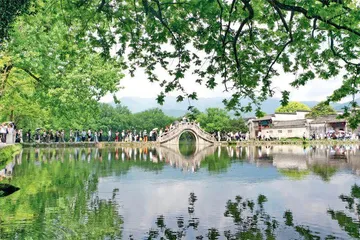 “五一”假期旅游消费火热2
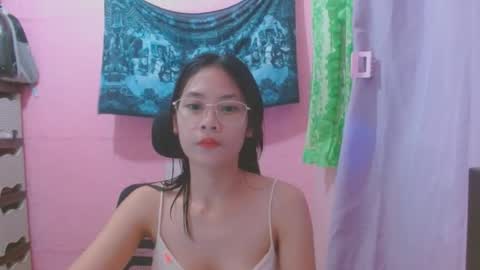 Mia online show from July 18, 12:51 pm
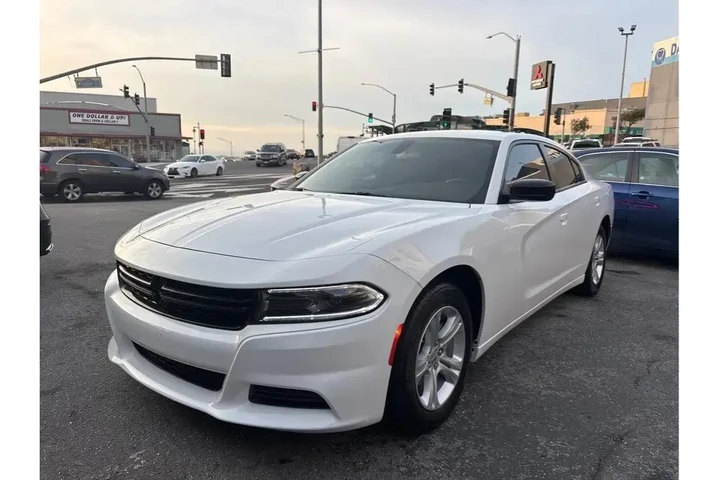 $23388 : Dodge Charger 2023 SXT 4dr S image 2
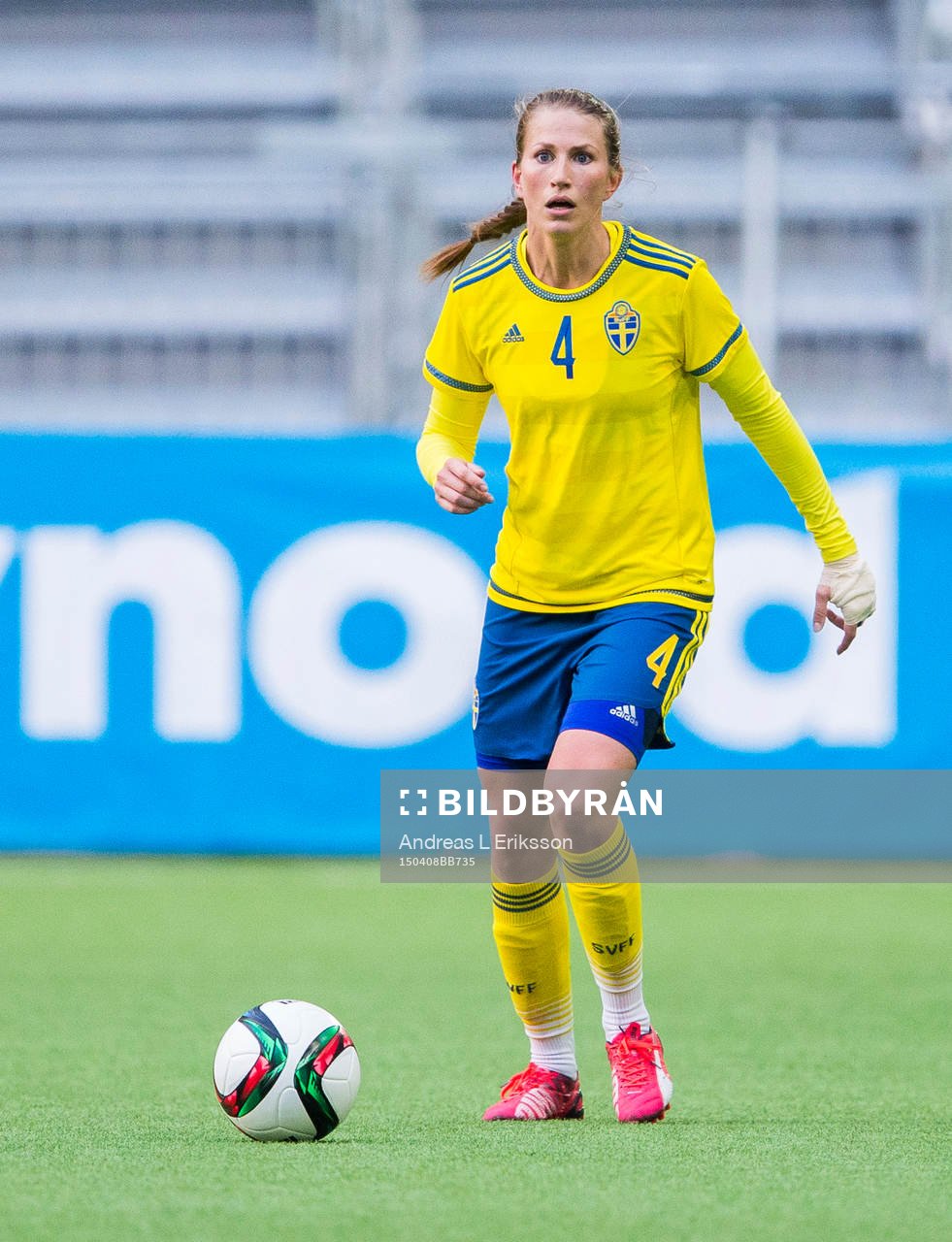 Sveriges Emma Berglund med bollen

**Task to carry out:** Pictures aside, reproduce the listing above exactly.

**Output of the task:**
 “五一”假期旅游消费火热2
 Mia online show from July 18, 12:51 pm
 $23388 : Dodge Charger 2023 SXT 4dr S image 2
 Sveriges Emma Berglund med bollen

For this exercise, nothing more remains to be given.